In their letters to Hur, Biden’s lawyers sought the opportunity to review and comment on a draft of his report. They argued that lengthy, detailed public reports can cause serious harm to their subjects even if they do not result in criminal charges.

“We do wish to underscore how important it is under these circumstances to allow the President’s lawyers the opportunity to review a draft of your report to address potential inaccuracies or unfair characterizations and conclusions,” White House special counsel Richard Sauber wrote in an Oct. 31 letter.

He added: “Given that the President, through counsel, has no opportunity to test any of the evidence discussed in the report, the President’s lawyers should have a meaningful opportunity to review and provide comment on the report before it becomes public.”

Once Biden’s lawyers did receive the report, they had vigorous objections.

Treating the handling of personal notes on classified information as a potential crime, they wrote at one point, “runs the substantial risk of causing irreparable harm to the Offices of the President and Vice President by deterring future Presidents and Vice Presidents from using diaries and notes in the context of the most stressful and important jobs in the world — jobs that also require nearly continuous interaction with sensitive national security information.”

But it is the back-and-forth over Biden’s memory that stands out.

Weinsheimer, the Justice Department official, said in his letter that Hur’s report provided “significant detail” on why he decided not to prosecute, including his conclusions on whether Biden acted “willfully” in possessing classified information.

“The language to which you object goes directly to these issues,” Weinsheimer wrote, adding: “For these reasons, inclusion of the identified language in the report and the report itself fall well within the Department’s standards for public release.”

Weinsheimer called the comparison between Hur and Comey “inapt” in part because they held different government positions with different powers. “Special Counsel Hur’s report is readily distinguishable from Director Comey’s press conference,” he asserted.

When the report was released later that day, it kicked up an enormous political storm. Republicans criticized Hur for not prosecuting Biden, and they eagerly seized on the depiction of the president as an elderly man with a diminished mental capacity.

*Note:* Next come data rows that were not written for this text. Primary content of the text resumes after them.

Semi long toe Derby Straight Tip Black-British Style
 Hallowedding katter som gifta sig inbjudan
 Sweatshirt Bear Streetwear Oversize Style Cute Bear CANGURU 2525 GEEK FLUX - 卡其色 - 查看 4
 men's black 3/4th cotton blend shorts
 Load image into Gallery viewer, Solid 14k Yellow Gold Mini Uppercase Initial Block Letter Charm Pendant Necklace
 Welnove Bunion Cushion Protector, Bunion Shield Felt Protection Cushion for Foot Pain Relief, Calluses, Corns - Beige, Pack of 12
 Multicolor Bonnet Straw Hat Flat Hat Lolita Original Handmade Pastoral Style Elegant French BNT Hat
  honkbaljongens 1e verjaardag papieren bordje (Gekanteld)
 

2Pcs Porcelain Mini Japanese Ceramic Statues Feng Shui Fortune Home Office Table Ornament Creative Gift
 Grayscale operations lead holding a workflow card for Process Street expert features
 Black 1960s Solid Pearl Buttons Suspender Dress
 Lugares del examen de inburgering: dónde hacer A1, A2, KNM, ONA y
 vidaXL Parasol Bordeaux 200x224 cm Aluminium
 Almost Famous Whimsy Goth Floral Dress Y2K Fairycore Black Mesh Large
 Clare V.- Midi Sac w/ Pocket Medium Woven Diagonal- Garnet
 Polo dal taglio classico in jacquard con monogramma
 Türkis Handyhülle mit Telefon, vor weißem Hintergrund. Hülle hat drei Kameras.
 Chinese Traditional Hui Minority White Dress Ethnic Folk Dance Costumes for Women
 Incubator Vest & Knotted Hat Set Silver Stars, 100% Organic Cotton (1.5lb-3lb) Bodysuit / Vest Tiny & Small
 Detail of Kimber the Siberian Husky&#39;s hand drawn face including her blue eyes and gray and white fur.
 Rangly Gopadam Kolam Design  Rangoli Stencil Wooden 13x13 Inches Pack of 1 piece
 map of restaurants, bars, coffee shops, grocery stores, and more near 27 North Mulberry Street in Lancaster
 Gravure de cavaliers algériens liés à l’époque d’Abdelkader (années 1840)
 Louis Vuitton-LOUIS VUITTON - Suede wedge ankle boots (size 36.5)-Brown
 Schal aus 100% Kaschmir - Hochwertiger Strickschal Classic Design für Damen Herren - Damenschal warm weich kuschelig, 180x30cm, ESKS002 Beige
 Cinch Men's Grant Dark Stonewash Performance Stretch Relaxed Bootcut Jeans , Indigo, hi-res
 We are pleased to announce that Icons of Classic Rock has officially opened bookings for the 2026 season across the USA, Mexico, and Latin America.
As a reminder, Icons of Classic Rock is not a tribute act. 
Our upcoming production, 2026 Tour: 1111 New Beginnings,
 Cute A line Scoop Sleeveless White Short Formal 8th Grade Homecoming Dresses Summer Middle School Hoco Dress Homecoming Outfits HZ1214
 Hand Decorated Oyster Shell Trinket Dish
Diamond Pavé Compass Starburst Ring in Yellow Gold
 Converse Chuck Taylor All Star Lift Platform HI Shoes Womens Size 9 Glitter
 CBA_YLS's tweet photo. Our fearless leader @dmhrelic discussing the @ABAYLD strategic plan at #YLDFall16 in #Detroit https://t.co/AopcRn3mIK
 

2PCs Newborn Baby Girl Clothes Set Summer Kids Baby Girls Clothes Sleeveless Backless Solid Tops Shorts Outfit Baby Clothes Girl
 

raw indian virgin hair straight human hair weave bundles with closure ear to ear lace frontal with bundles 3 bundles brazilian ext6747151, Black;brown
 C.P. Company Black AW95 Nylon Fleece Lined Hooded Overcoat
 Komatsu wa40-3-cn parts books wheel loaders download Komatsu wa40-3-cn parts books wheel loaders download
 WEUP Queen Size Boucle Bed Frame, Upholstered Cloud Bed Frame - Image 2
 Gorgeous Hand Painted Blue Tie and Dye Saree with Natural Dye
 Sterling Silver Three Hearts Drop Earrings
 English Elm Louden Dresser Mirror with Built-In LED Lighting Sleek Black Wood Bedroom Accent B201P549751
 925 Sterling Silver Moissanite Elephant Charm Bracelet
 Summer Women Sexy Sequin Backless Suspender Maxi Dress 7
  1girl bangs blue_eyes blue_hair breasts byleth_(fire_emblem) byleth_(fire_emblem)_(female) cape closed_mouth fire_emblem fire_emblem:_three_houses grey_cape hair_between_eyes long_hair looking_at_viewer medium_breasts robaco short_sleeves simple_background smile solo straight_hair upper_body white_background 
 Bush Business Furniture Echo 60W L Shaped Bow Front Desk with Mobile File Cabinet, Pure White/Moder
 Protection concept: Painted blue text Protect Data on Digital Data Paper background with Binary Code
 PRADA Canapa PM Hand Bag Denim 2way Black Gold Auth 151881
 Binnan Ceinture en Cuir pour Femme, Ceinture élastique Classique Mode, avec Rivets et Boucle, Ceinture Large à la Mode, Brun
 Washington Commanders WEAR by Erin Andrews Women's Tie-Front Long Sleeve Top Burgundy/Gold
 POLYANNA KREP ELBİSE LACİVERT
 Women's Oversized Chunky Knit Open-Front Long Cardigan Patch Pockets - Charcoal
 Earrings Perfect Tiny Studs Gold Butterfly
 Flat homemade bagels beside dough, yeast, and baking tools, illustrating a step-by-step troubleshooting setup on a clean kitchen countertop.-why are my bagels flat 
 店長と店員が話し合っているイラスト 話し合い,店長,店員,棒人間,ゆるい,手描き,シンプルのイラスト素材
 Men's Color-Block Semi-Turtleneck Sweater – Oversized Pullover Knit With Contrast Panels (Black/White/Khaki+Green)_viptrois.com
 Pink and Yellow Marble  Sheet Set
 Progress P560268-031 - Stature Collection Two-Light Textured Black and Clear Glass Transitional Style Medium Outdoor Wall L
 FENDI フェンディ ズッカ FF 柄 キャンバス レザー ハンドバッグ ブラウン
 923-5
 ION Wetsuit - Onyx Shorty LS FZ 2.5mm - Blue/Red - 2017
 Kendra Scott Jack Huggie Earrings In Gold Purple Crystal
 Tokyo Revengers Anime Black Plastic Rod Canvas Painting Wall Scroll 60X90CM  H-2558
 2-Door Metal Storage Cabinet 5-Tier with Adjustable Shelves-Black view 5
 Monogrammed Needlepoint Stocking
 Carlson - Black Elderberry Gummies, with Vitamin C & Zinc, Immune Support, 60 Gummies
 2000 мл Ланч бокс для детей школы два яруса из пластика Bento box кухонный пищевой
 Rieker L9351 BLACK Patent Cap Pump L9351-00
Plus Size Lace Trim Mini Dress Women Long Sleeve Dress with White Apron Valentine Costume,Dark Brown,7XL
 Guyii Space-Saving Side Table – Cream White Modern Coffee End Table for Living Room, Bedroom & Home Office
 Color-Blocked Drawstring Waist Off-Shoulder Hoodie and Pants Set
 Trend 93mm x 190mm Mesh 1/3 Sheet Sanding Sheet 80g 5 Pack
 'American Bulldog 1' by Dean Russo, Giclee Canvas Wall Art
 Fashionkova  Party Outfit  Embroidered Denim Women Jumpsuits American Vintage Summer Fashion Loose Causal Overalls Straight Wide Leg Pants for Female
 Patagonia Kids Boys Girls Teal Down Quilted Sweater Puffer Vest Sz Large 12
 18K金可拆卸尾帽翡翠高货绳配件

Following several days of furor — during which Republicans called for Biden to step aside and Democrats attested to Biden’s sharpness and pointed to Trump’s own frequently confusing language — Sauber and Bauer fired off one more letter to the Justice Department on Monday.

They dismissed the argument that Hur’s role was nothing like Comey’s. That assertion, they said, “reflects a disturbing lack of concern about the harm that the policy seeks to avoid. An uncharged person, in this case the President of the United States, cares not about the particular title or role of the Department official who publicly excoriates him with critical comments about uncharged conduct. The unfairness is equally profound.”

Overall, they added, “we fundamentally disagree with your assessment that the comments contained in Special Counsel Hur’s report were consistent with Department policy and practice. They surely were not.”